The Post Office rebid the contracts and the same big airlines won them. Farley pointed out that the Post Office got a better deal; its yearly airmail costs fell from $20 million in 1933 to less than $13 million in 1934. The crisis focused attention on the need to overhaul the Army Air Corp in the years leading up to World War II. But Farley was privately furious with Roosevelt for not defending him against the attacks.
Farley also ran into trouble with the philatelic community over his s
tamp sheet giveaways. Prominent dealers complained that unlike ordinary stamps, the sheets lacked gum and perforations and were therefore quite rare. Indeed, no true maniac’s collection would be complete without them. Columnists noted if the sheets ever turned up on the market, collectors would pay huge sums for them; therefore it wasn’t fair for Farley to dole them out to White House insiders.

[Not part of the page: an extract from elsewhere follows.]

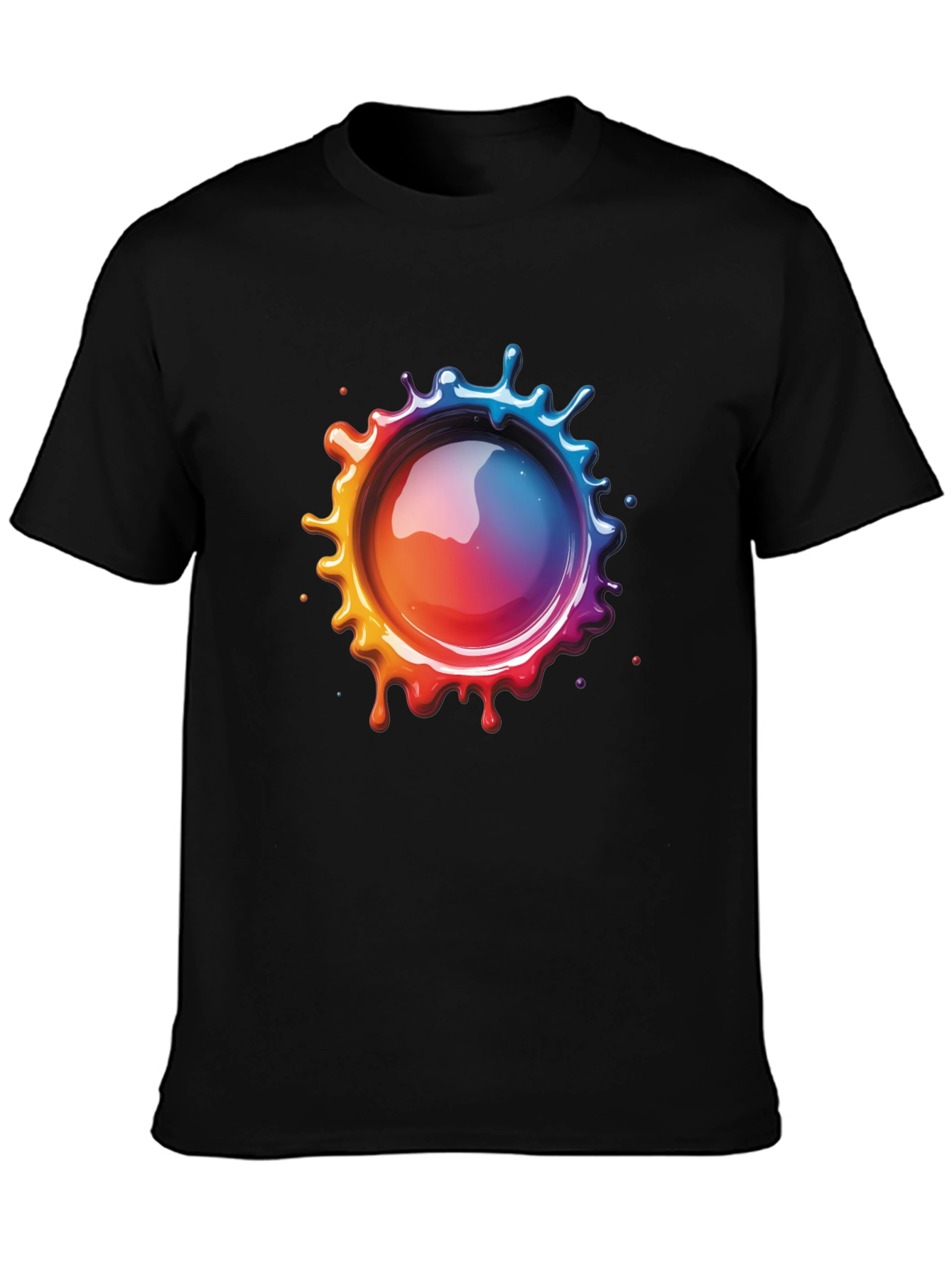 Mens Black T-Shirt with Vibrant Splatter Graphic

Farley insisted the collectors were fussing over nothing, but the complaints continued, and in January 1935, Roosevelt told Farley to stop giving the sheets away. “I do not think that this should be continued, even if such sheets are regarded merely as samples and not available for postage in the regular way,” the president wrote to Farley in a memo. “Will you, therefore, be good enough to take steps to discontinue the issuance of any stamp or stamps except in the precise condition in which the issue is placed on sale at the Post Offices?”
Unfortunately, Farley had already given a sheet of Mother’s Day stamps to William Wallace Atterbury, president of the Pennsylvania Railroad. Atterbury passed the sheet on to a relative in Norfolk, Virginia, who hung it in her living room where a dealer spied it and offered to buy it for $15,000. When she turned him down, he raised his offer to $20,000 and then $22,5000. The dealer got the stamps and took them to New York to turn a profit. The news spread quickly among collectors, and they condemned Farley for ignoring their warnings.